■ Problem to solve
Every line of the material must be given again verbatim. Skip the images.

■ Data extract
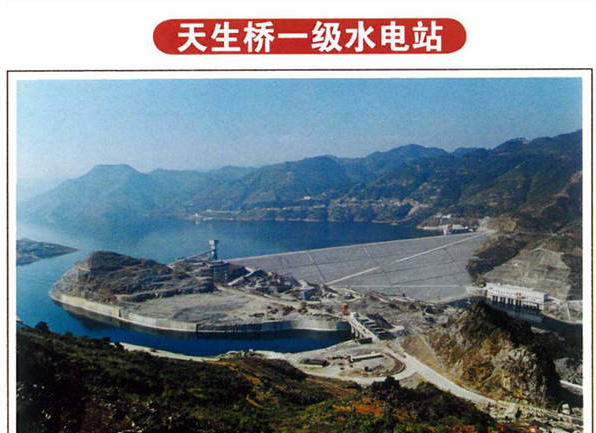 天生桥一级水电站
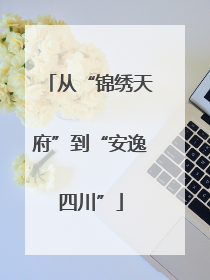 从“锦绣天府”到“安逸四川”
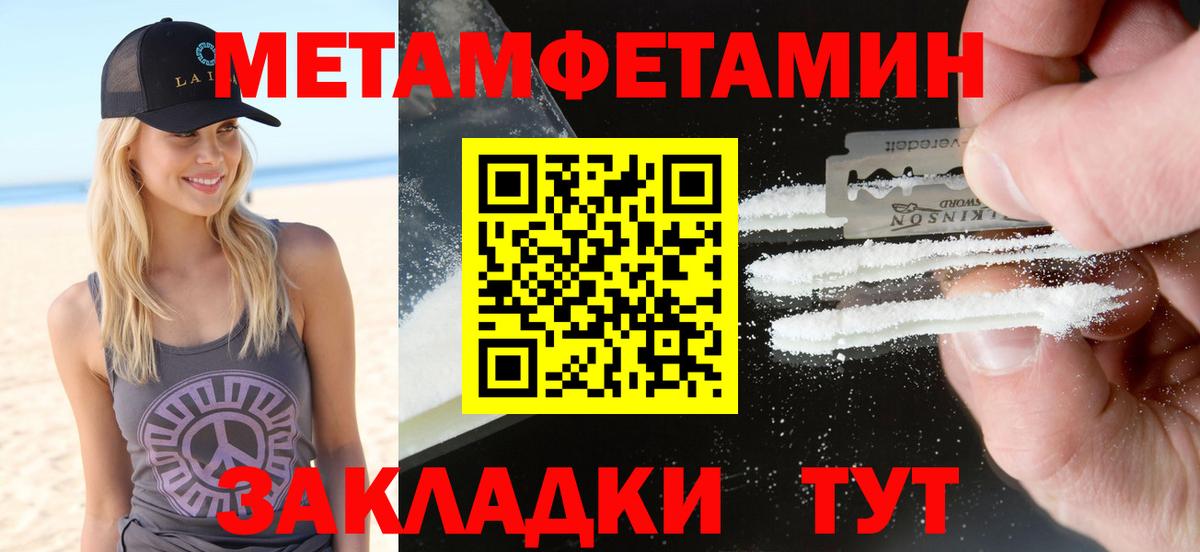 Amphetamine Розовый  Амфетамин  Югорск  Вход с VPN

■ Answer for this exercise
 天生桥一级水电站
 从“锦绣天府”到“安逸四川”
 Amphetamine Розовый  Амфетамин  Югорск  Вход с VPN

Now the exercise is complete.